Athletics: Worth The Time Or Not?

The Value of Sports

Did I learn anything of value in spending so many hours over so many years practicing, playing, thinking, stressing and dreaming about sports?  Yes.

First, I learned that the adage about “You can do anything you want, if you want to badly enough” is not true.  There is a small fact called talent.  When I was in Junior High, I wanted to be a high jumper, and I built a pit in the empty lot next door and made the bar, etc.  I practiced diligently for a long time, but while I had desire and determination, I did not have any “hops” or technique.  I was one of the worst high jumpers in the city. 

Today, someone in High School at 185 lbs and 66 inches and with a 5.2 40 time will never be an Alabama Linebacker. 

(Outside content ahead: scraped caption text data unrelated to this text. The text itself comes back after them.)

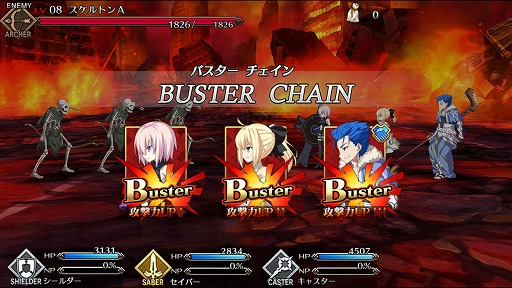 画像ギャラリー No.007のサムネイル画像 / 「Fate/Grand Order」,戦闘システムの詳細が明らかに。同じカードの絵柄やコマンドを揃えて攻撃を繰り出す「コマンドオーダーバトル」を紹介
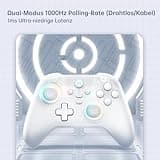 G3V2 Mando Inalambrico PC con Base de Carga, Joysticks Trigger Hall, Iluminación RGB - Sin Deriva de Joystick, Mando Bluetooth Gaming para PC/Switch/iOS/Android, 1000mAh, 2.4G/BT/USB-C (Blanco, PE)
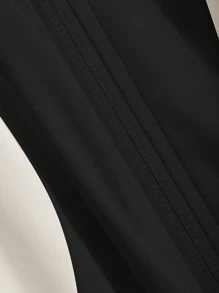 DAZY 女士休闲拼色长袖拉链立领夹克，秋季服装 - 黑與白 - 查看 4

However, I did find three sports where I had some “talent” or something like that, although it took me many years to find them. I was short, slow, and skinny, with no track/field, swimming, skiing, or skating abilities. All I had was a fast first step, quick hands, and good eyes.  Which sports worked? Tennis, Roundball, and Volleyball.

The Value of Discipline

Then, I learned you better be disciplined enough to practice intelligently, plan, and be ready when any opportunity arises, be focused and seize that opportunity by the throat.  Did anything translate into business?  One major factor:  This month’s Success Magazine stresses that you have to be able to fail many times and pick yourself up and start all over again.  Be involved in athletics and you will learn how to fail, because you will fail many times.  You learn more from a loss than you do from a win.

The Value of Details

Also, I learned to pay attention to detail. I lost a championship Little League game in extra innings (and we really wanted that game) because I had a young player sacrifice with runners on first and second. I didn’t notice that the other team had made a pitching change. They brought in Mike a left hander and replaced Dale their right hander. I should have stressed to my young player to bunt up the first base line, but he laid down a great bunt down the third base line. Mike Schaof of the Pirates made an outstanding play and got our runner at third with his easy throw. BTW, that was 48 years ago.

Anything else; One minor point that I have carried with me.  Be on time. If you are over ten minutes late for a tennis match you will not be playing and on most good teams if you are not there at least 15 minutes early, you are late.

Finally, prioritize as you can’t do everything, so do the most important first.  Good luck and always have fun in athletics, it is not a job, it is a sport.